Admittedly, I was incredibly naive but bodybuilding excited me and training was never a chore. Find something you love doing, you’ll never work a day in your life, unfortunately despite my success as a natural bodybuilder, I do have a full time job as a business owner, but you get the point.


Instagram, @nigel_st_lewis

Describe a typical day of training


I leave my ego at the door.

This all depends on the body part or parts being trained on that given day. My leg-days seem to go on forever as it takes me longer to recover in between sets.

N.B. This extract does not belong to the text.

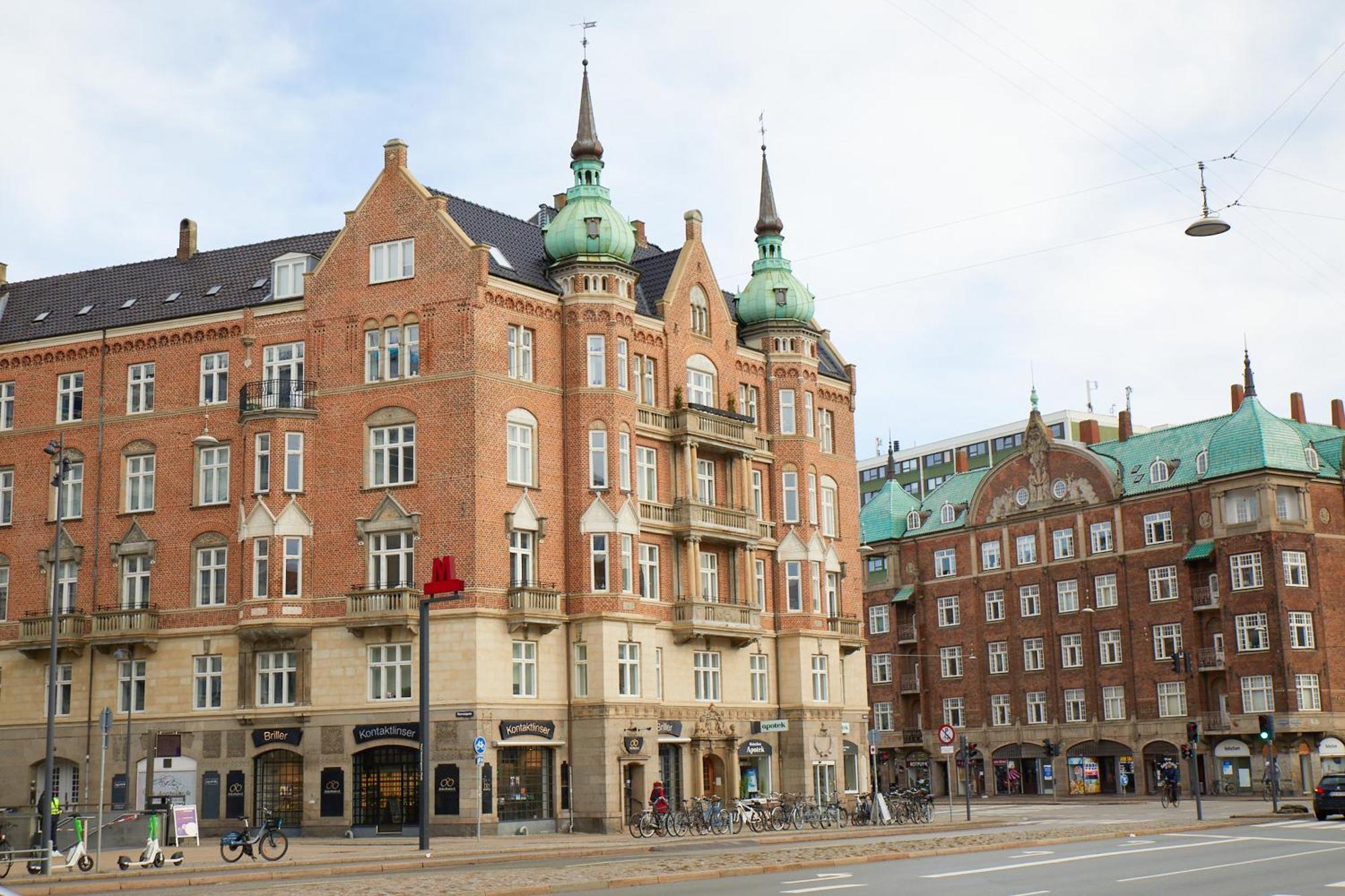 Bob W Osterbro Copenhagen Apartamento Exterior foto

On average, I would say 90 minutes.

This year, I decided to change things up a little and prioritised what I consider not necessarily weak points, but body parts I feel I needed to focus on. Current quads and hamstrings are a priority. Always aim to work harder on what you consider your weaker body-parts.

My current training spit is as follows:

  • MONDAY: Quads hamstring and calves
  • TUESDAY: Chest and triceps
  • WEDNESDAY; Back and biceps
  • THURSDAY: Hamstring shoulders calves
  • FRIDAY: rest/cardio
  • SATURDAY: Back and calves
  • SUNDAY: Shoulders

My sole purpose every session is to cause maximum damage or fatigue to the muscle being trained on that day by repeated reps utilizing supersets/drop-sets, etc. I’ve never been interested in one rep maxs, etc.

In the past, I’ve benched 180kgs for four reps, squatted 220kgs for 10 reps, and deadlift 280kgs for five reps. However, the way I see it is I’m a bodybuilder not a powerlifter.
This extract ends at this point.